**EXERCISE DESCRIPTION**
Scan the records below for the line with "gallery_29331_2217_274467.jpg" and the line with "Enlarge Marcus, a", and retype that range exactly, both ends included, pictures excepted.

**DATA SHOWN**
▬▬▬▬▬▬

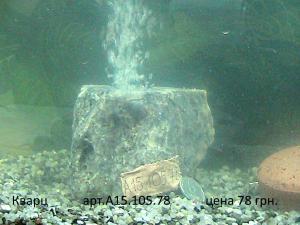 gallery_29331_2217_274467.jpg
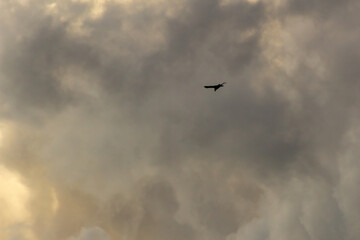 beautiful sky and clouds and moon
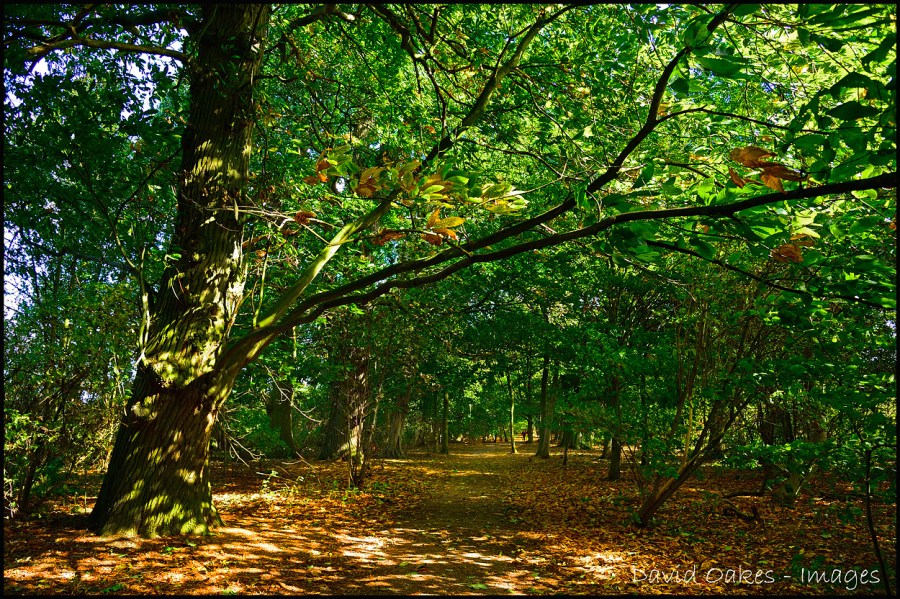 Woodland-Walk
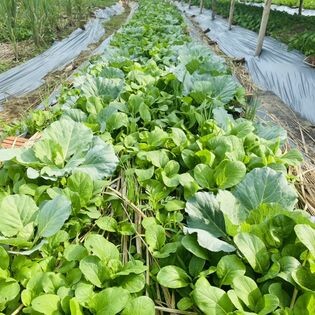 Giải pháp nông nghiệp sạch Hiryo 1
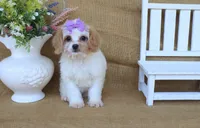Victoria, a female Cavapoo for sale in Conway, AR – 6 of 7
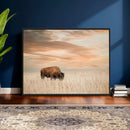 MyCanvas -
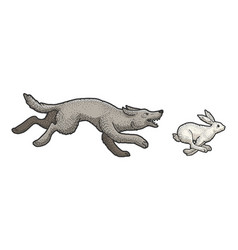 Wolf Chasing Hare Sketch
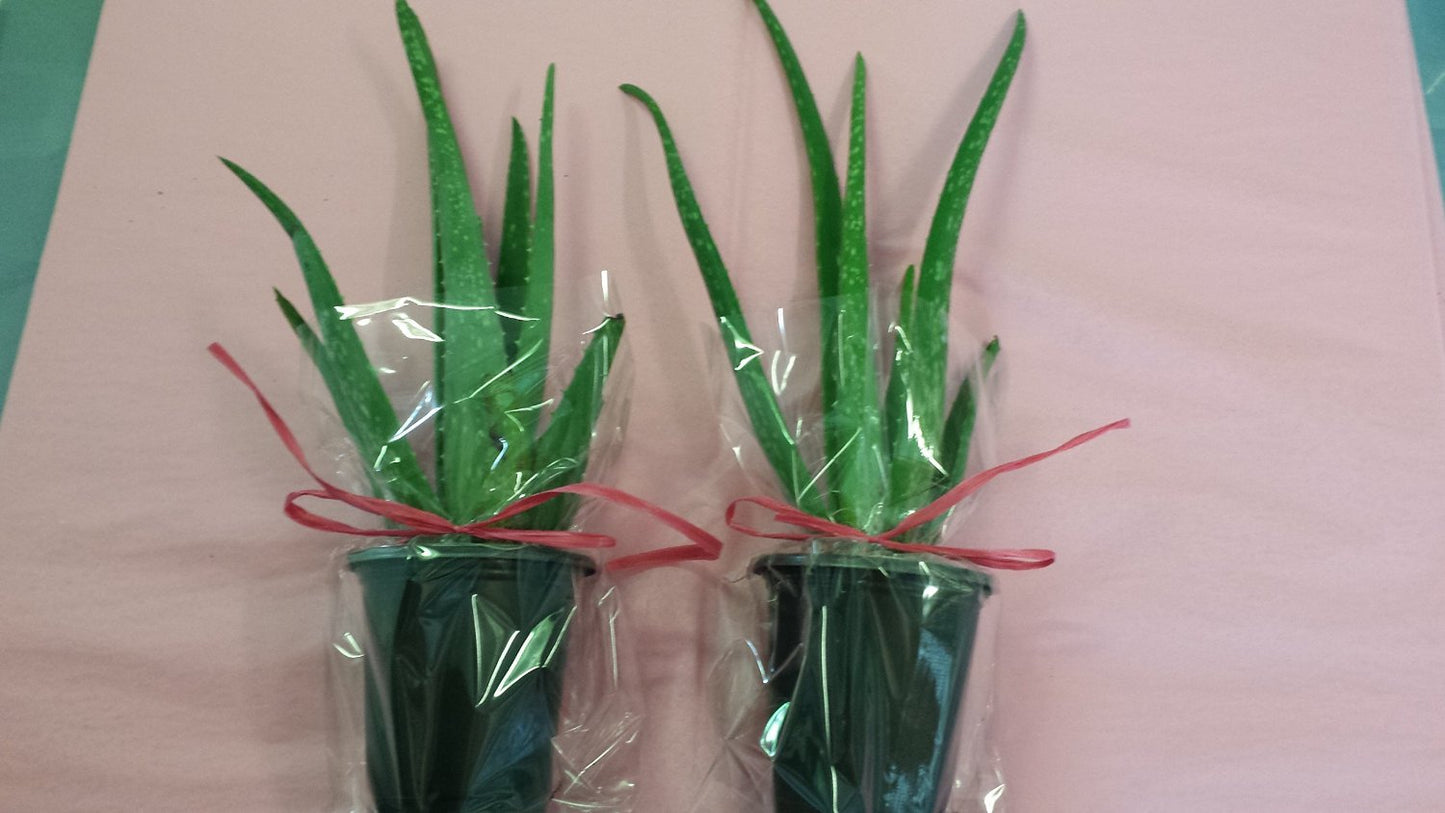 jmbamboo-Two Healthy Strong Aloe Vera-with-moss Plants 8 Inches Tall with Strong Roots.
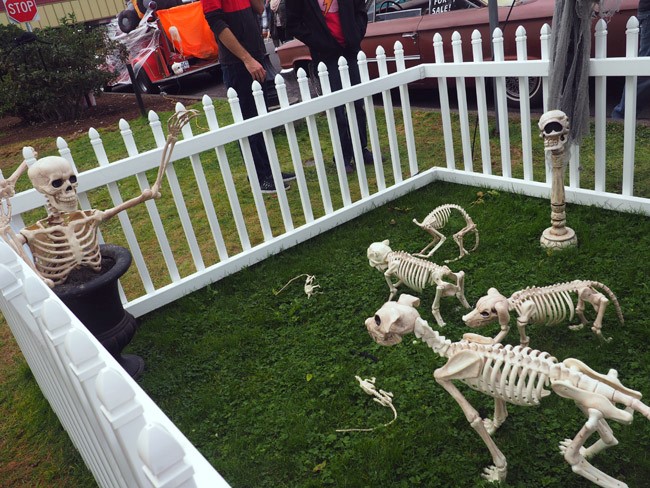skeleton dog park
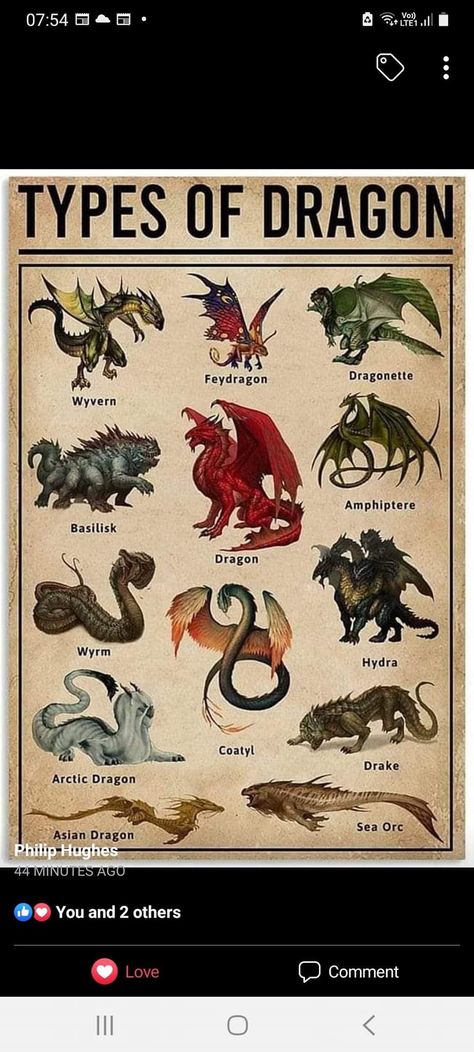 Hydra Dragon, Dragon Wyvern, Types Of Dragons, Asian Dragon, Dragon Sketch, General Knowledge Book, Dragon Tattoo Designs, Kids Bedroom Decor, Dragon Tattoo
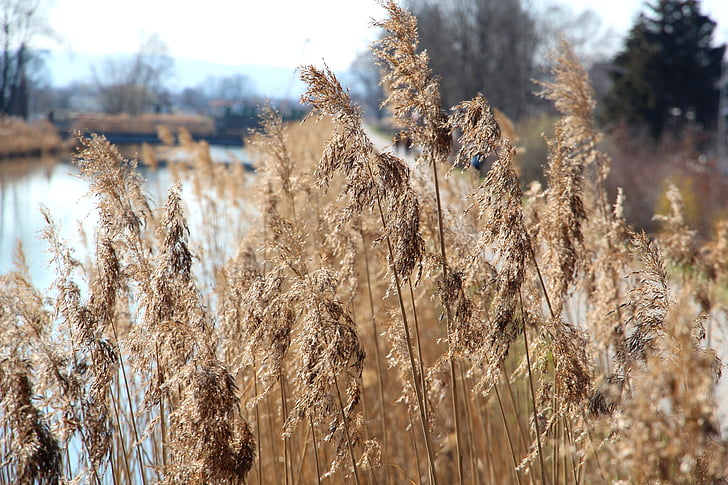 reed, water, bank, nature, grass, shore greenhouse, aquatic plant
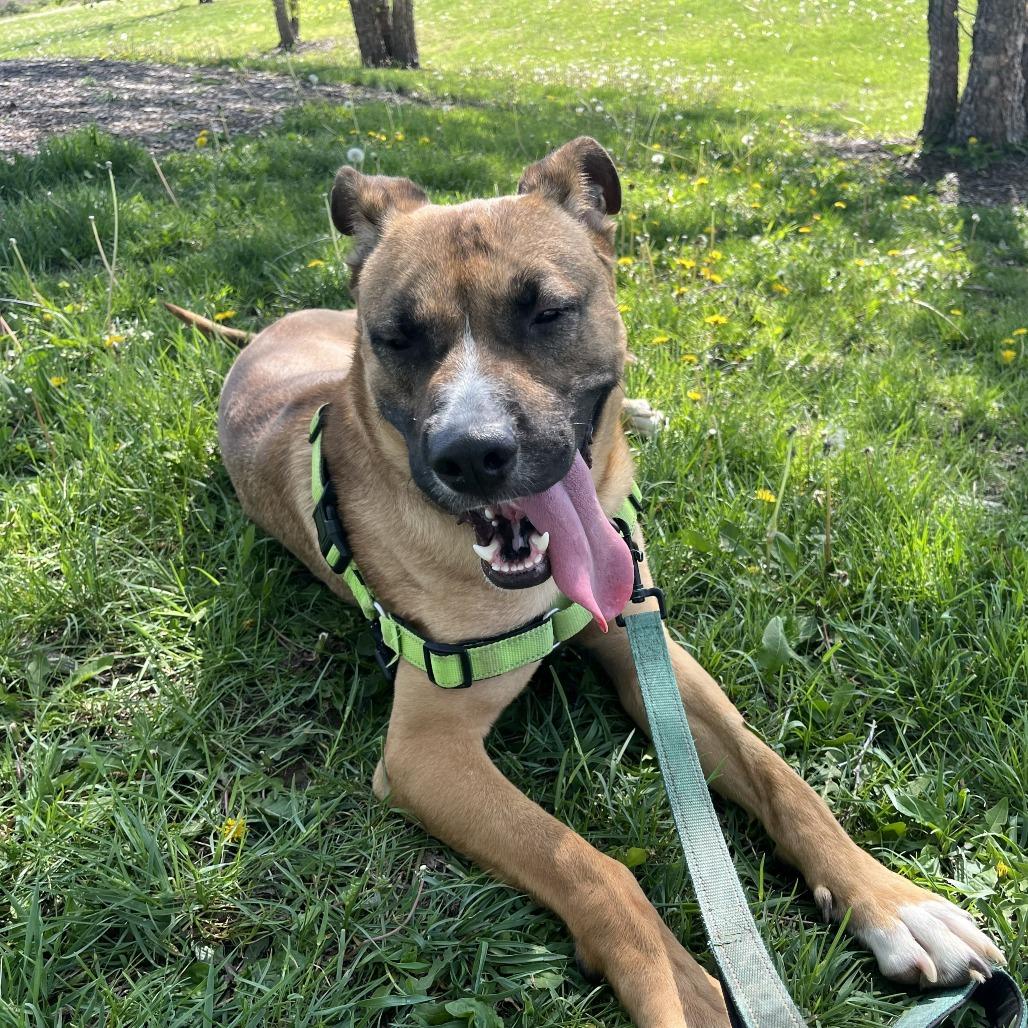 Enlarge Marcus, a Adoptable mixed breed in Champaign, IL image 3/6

▬▬▬▬▬▬

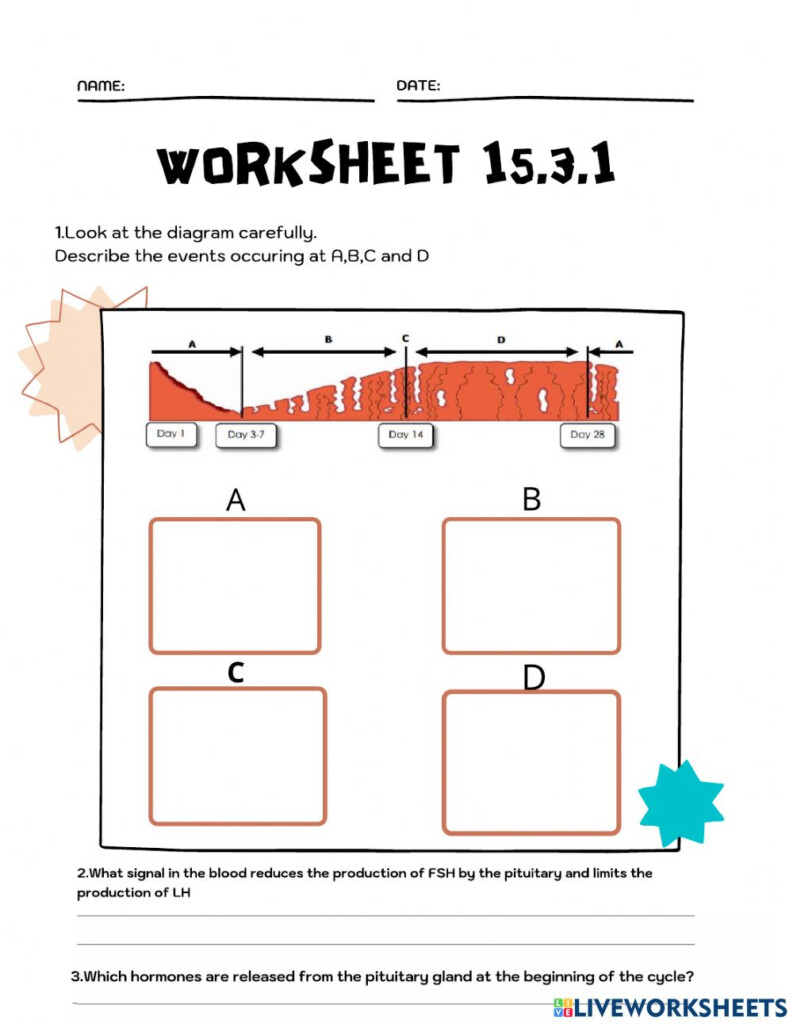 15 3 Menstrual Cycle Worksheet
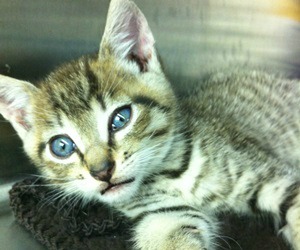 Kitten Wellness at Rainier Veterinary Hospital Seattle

▬▬▬▬▬▬

**ANSWER TO THE EXERCISE**
 gallery_29331_2217_274467.jpg
 beautiful sky and clouds and moon
 Woodland-Walk
 Giải pháp nông nghiệp sạch Hiryo 1
Victoria, a female Cavapoo for sale in Conway, AR – 6 of 7
 MyCanvas -
 Wolf Chasing Hare Sketch
 jmbamboo-Two Healthy Strong Aloe Vera-with-moss Plants 8 Inches Tall with Strong Roots.
skeleton dog park
 Hydra Dragon, Dragon Wyvern, Types Of Dragons, Asian Dragon, Dragon Sketch, General Knowledge Book, Dragon Tattoo Designs, Kids Bedroom Decor, Dragon Tattoo
 reed, water, bank, nature, grass, shore greenhouse, aquatic plant
 Enlarge Marcus, a Adoptable mixed breed in Champaign, IL image 3/6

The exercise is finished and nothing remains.